Your goal -> Leave the pictures out, and repeat exactly every line from the one with "NELL2 antibody used" through the end of the data below.

Extracted records
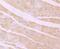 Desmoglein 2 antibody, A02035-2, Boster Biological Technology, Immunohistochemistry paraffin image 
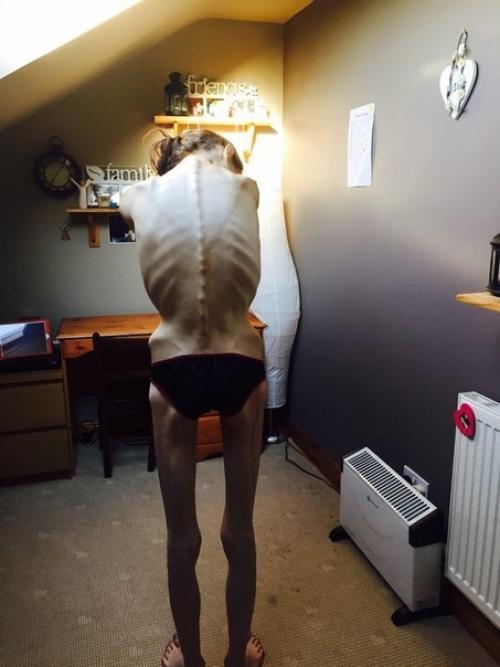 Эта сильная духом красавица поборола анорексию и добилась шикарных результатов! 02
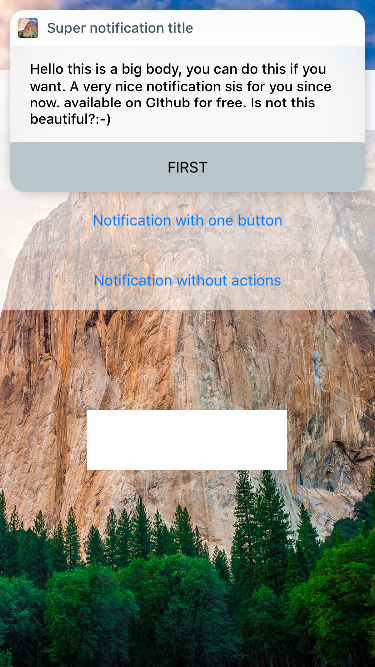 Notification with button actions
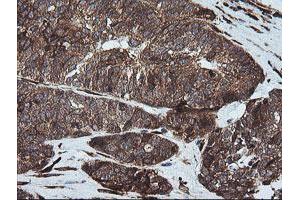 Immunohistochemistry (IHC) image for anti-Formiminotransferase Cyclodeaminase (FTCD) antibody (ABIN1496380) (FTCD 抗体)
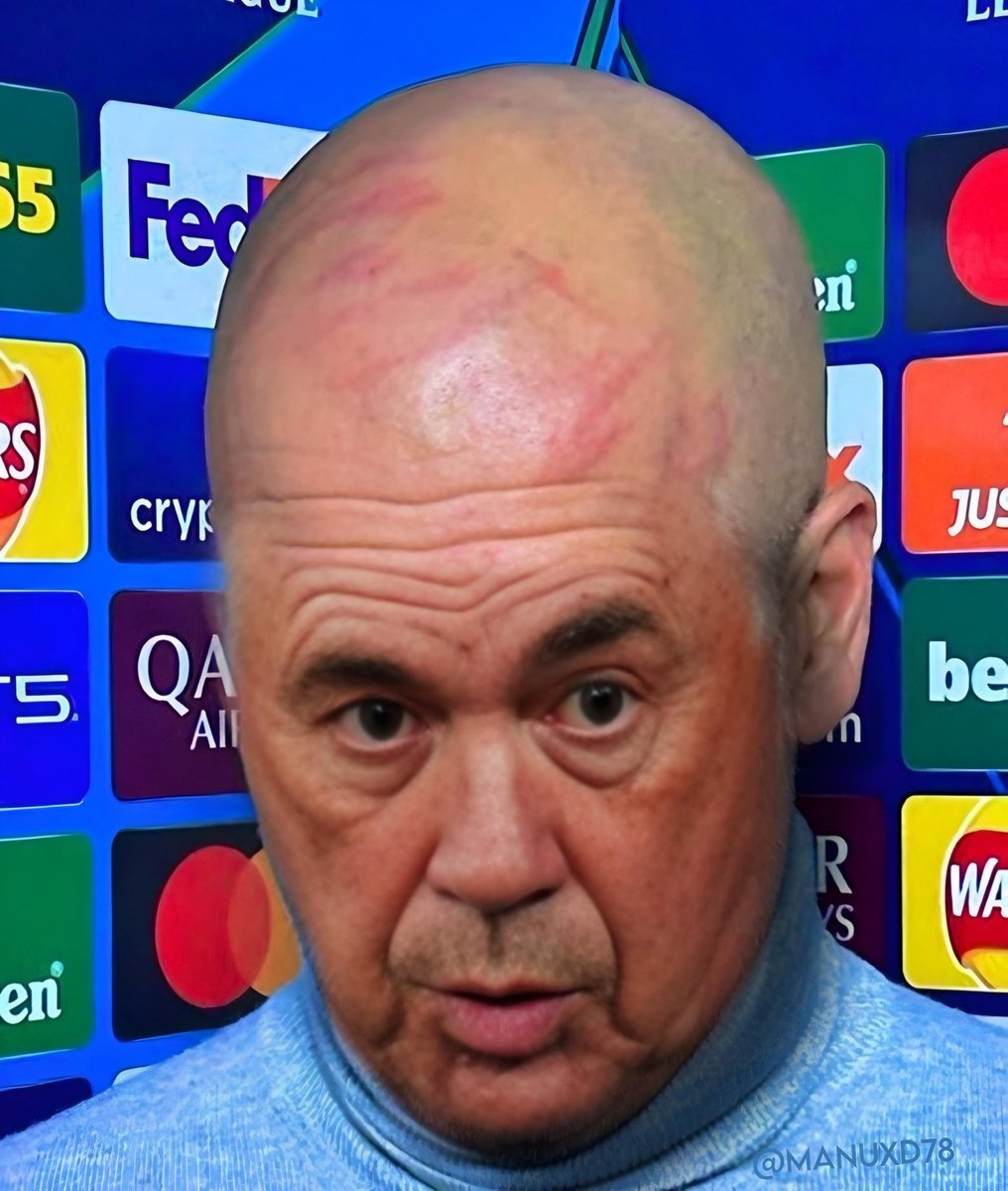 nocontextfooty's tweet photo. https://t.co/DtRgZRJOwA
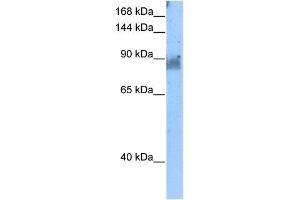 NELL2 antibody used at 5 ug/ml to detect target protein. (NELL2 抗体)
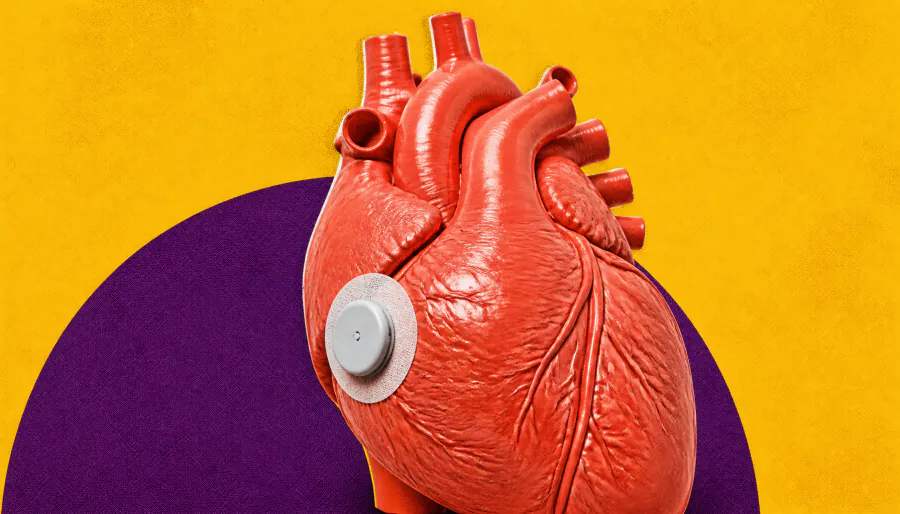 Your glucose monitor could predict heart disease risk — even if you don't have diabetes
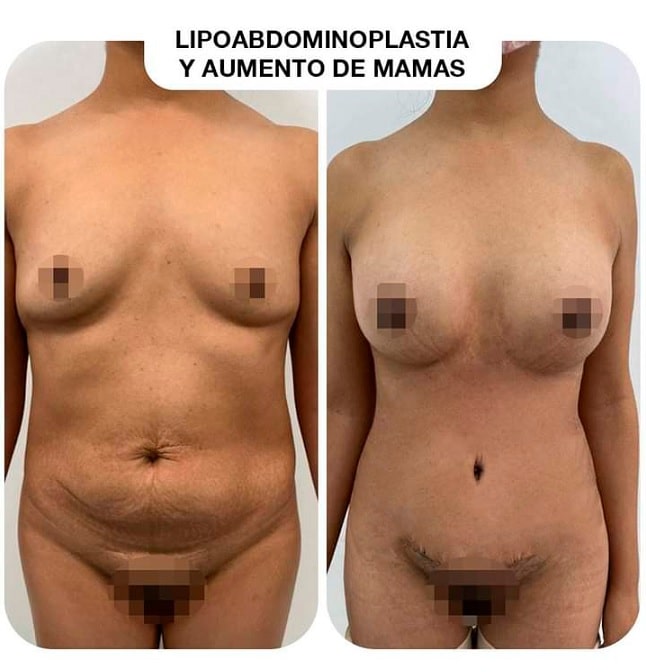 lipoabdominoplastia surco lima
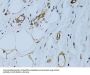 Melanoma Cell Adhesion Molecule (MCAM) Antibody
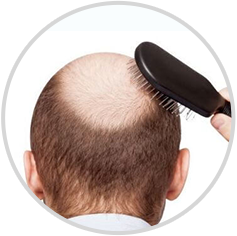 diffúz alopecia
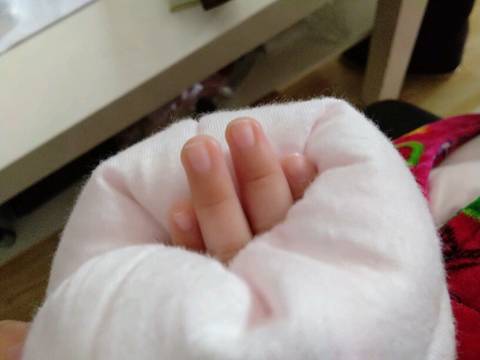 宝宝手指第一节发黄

Answer area ->
 NELL2 antibody used at 5 ug/ml to detect target protein. (NELL2 抗体)
 Your glucose monitor could predict heart disease risk — even if you don't have diabetes
 lipoabdominoplastia surco lima
 Melanoma Cell Adhesion Molecule (MCAM) Antibody
 diffúz alopecia
 宝宝手指第一节发黄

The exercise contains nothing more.